For young teams like the Thunder, it’s easy to get sucked into high-scoring affairs. Easy to forget that defense wins games and fourth-quarter stops still matter most. It’s why Brooks preaches defense and will continue to no matter how much his team lights up the scoreboard.
“We can’t get baited into playing this way,” Brooks said. “We have to continue to get better at playing our style of basketball. We have to do things according to who we are. And we are a defensive team that gets stops.”

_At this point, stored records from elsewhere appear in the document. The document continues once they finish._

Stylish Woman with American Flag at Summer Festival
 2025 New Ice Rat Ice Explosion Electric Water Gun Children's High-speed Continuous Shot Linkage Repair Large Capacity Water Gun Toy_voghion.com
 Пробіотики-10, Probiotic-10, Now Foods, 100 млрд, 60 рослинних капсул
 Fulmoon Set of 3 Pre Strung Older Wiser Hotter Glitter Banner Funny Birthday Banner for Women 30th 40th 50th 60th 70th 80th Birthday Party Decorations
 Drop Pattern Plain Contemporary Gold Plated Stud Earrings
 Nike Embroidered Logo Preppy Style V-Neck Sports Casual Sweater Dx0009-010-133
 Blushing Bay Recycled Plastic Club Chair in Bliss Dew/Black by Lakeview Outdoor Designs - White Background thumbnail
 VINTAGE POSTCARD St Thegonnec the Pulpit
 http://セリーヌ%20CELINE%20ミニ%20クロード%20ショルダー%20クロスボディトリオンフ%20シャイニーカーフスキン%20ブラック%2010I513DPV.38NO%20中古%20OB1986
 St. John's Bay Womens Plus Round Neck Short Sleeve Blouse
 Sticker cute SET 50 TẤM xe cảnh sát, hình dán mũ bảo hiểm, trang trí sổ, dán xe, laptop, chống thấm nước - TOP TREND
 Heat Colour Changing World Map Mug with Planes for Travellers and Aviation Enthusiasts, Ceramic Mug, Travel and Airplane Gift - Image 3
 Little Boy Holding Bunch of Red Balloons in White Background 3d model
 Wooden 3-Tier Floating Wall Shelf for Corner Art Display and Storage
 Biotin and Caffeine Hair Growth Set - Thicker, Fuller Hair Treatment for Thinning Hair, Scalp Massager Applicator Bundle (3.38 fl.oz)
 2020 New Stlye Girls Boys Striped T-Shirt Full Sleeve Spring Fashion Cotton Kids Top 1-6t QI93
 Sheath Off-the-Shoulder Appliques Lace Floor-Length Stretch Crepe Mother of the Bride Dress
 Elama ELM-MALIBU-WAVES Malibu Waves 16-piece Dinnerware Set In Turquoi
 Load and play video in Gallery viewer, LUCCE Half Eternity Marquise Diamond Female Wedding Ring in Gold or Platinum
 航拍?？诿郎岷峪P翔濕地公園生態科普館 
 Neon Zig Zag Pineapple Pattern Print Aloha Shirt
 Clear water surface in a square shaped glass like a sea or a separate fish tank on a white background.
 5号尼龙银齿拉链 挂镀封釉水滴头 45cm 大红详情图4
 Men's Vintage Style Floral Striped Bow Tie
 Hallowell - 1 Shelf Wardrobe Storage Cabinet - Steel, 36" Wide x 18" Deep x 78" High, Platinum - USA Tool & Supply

- Thabo Sefolosha was again a defensive star. He started out on Mike Miller, completely shutting him down and taking him out of the game, then briefly switched over to Caron Butler at the start of the third quarter and played significant minutes on Gilbert Arenas near the end.
- As I wrote in Saturday’s paper, the thing that stood out most to me was the resiliency that the Thunder showed throughout the game. The Wizards battled back from at least eight point deficits four times and the Thunder staved off Washington each time and never let the Wizards take the lead.
- The Thunder scored at least 30 points in all four quarters, the first time it has done that this season.
- Before the game, I asked Jeff Green about his eight-game slump. He didn’t sound too worried about it. Then he went out and scored 11 points with six rebounds in the first quarter and had a double-double by halftime. Welcome back, Mr. Green.
- The end of the game wasn’t pretty, as Washington put on a full-court press that the Thunder struggled to break and nearly allowed Washington to get back into the game. Brooks said it was his fault. “I wish I could blame the press-break offense on somebody else but I put that in today. It wasn’t good,” he said.
- The Thunder was outrebounded 34-29 through three quarters and finished the game ahead 42-40.
- Unsettling, however, was that the Wizards had 16 offensive rebounds. Antawn Jamison and Brendan Haywood combined for 13.
- With his perimeter shooting, James Harden is starting to provide exactly what we all expected him to when he was drafted third overall. He made four of six 3-pointers Friday and is now 10-for-13 from behind the line over the past two games.
- The most shocking thing about this game was that the Thunder scored 127 points and only one player, James Harden, scored off the bench. I’ve never seen anything like that.
- Harden’s 25 points were six more than the Wizards’ entire bench had.
- Kevin Durant scored 35 on 12-for-22 shooting, bouncing back nicely after his season-low 12 point effort against Orlando. He’s attacking the rim more than he’s ever done and getting to the free throw line much more than he has at any point in his career. It was the fifth time in seven games that KD has scored at least 30 points, and I’m starting to think he could average 30 for the season.
- Brooks went with an eight-man rotation because of the funky lineups that the Wizards play with, rarely using a big other than Haywood. As a result, Nick Collison was the odd man out, playing just 2 minutes, 21 seconds.
- Brooks might not like an offensive-oriented game, but 11-for-21 from the 3-point line, 53 percent shooting and 28 fast-break points is awfully fun.
- Gilbert Arenas is fun to watch live. He might not be Agent Zero yet but he is again one of the most dangerous point guards in the league. His hesitation game is crazy.